Cumhurbaşkanı Recep Tayyip Erdoğan, 'Meclis çalışamaz hale getirilirse erken seçim düşünülebilir' açıklamasını yaptı.
Reis-i Cumhur gibi herkes tepkili. Neden?
Yeni Anayasa’nın meclisten geçmemesi için boş, vızıldar gürültüler koparılıyor.
Kararı millet mi veriyor, milleti temsil edenler mi?
Günlerdir mecliste olanları hepimiz yakından takip ediyoruz. Yeni Anayasa’nın geçmesi ve geçmemesi için büyük bir mücadele veriliyor.
Veriliyor da, ya olanlar.
Bir vekil bir vekilin ayağını ısırıyor.
Birbirlerinin boğazına sarılıyorlar, tekmeler yumruklar bir yandan.

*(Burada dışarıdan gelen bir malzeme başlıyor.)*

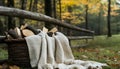 Cozy Blanket and Firewood Basket by a Rustic Fence in a Tranquil Forest Setting Royalty Free Stock Photo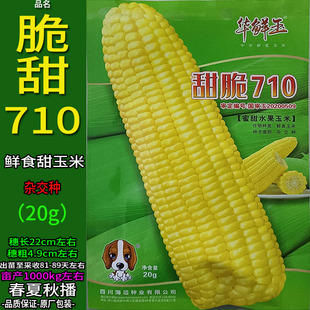 甜脆710-20g黄甜玉米杂粮种子孑籽高产别名包谷包芦玉茭苞米棒子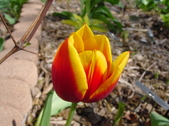 Enlarge photo 25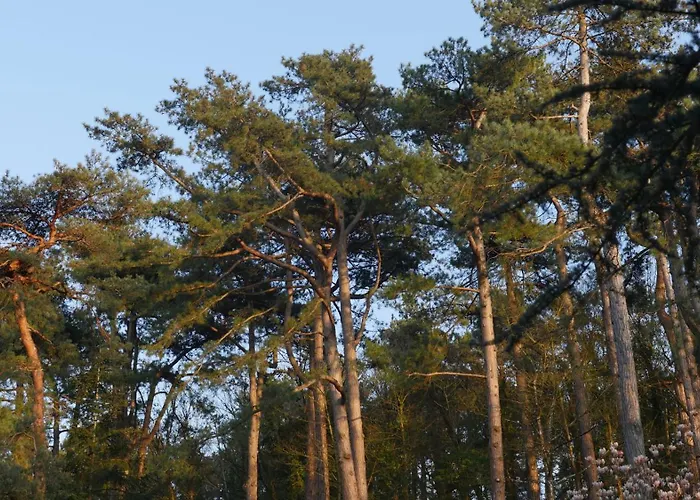 Bain De Forêt - Cosy&spa Neufchâtel-Hardelot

Demokrasimiz tavan yapmış.
Bu panik neden? Halktan mı korkuluyor?
Halk yeni Anayasanın kendisine gelerek karar vermeyi bekliyor, mecliste bir gurup vekil halka ulaşmaması için çaba harcıyor.
Turuncu ceylan derisi koltukların üzerine basıyorlar, kürsüleri kırıyorlar.
Halbuki; koltuk önemliydi. Turuncu renk heyecan ve mutluluk verici, dinamik, dikkat çekici, çarpıcı ve iç açıcı bir renk olarak oraya konuldu, içimizi kararttılar.
Gazi Meclis kırıldı döküldü, parasını biz verdik, vergilerimizle yapıldı, zarar veren vekillerden bunun parası da kesilmeli.
Çalıştırmayıp bir meclisi erken seçime sürükleyenler de herhalde halkın önünde gerekli cevabı alır.
**********
Hain cephe, dolar oyununa yeniden başladı. Çağrı bir daha geldi, ‘Dolarları bozdurun’
Dört koldan saldırıyorlar. Bir yandan terör, bir yandan ekonomik kıskaca alma.
Ülkeyi zora sokmak, parçalamak için var güçleriyle saldırıyorlar.
Darbeye darbe yapan tek millet, buna izin verir mi? Bence vermez.
Kirli hesap peşinde koşanlar, yılana sarılıyor. O yılan bir gün dönüp dolaşıp kendilerini mutlak sokar.
Bir yandan da iç felaket tellalları, dolar üzerinden halkı işlemeye başladı.
‘Vay halimiz vay’
Devalüasyon, borç para için el açılan, faizlerin tavan yaptığı, enflasyonun çift rakamlarda dans ettiği, bankaların içinin boşaltıldığı günler unutuldu. Ülke o zaman batmadıysa bu saatten sonrada batmaz herhalde.
**********
Kayseri’deki çarşı iznine çıkan askerlere yönelik gerçekleşen bombalı saldırıyla ilgili 20 kişi tutuklandı.
Aralarında olanlara bakar mısınız ! Vatani görevini yapan 5 asker. Kendi silah arkadaşlarını ölüme gönderiyor.
Hainler içimizde, pusuya yatmış bekliyor.
Boşa bağırılmıyor ‘hain var’.
**********
Eskiden bir yabancı geldiği zaman ‘O herkes seferber olurdu’ , her şeyi onlar biliyor ya, yap denilen yapılır, uygula denilen uygulanırdı.
‘Samsun Akıllı Şehir Stratejisi Yönlendirme Toplantısı’nda sunum yapan Uluslararası Amerikalı bir şirket yöneticisi sazı eline alıyor anlatıyor.
Herkes sabırla dinliyor dinliyor da, giden bir terslik var. Konuşmada mı ?, Niyette mi ?, Tercümede mi?
Konuşma bitti.
Vali İbrahim Şahin, sunumu beğenmiyor. Artık eski Türkiye yok. Durun bakalım.
Konuşmalar kendisini rahatsız ediyor.
Kendi üslubu devreye giriyor. "Yapılanlarda biraz sömürge ülkesi gibi görüldüğümüzü hissediyorum. Dün bize bilgisayar satıyorlardı, bugün akıllı yazılımlar ya da bizi anlayan ürünleri satacaklar. Bu açıkçası benim kanıma dokunuyor. Bu işleri afilli olsun diye mi yapacağız?”
İşin özü ‘kardeşim biz ne istersek, uygun görürsek bu saatten sonra o olur. Fayda görmeyeceğimiz hiçbir işe de kalkışmayız’.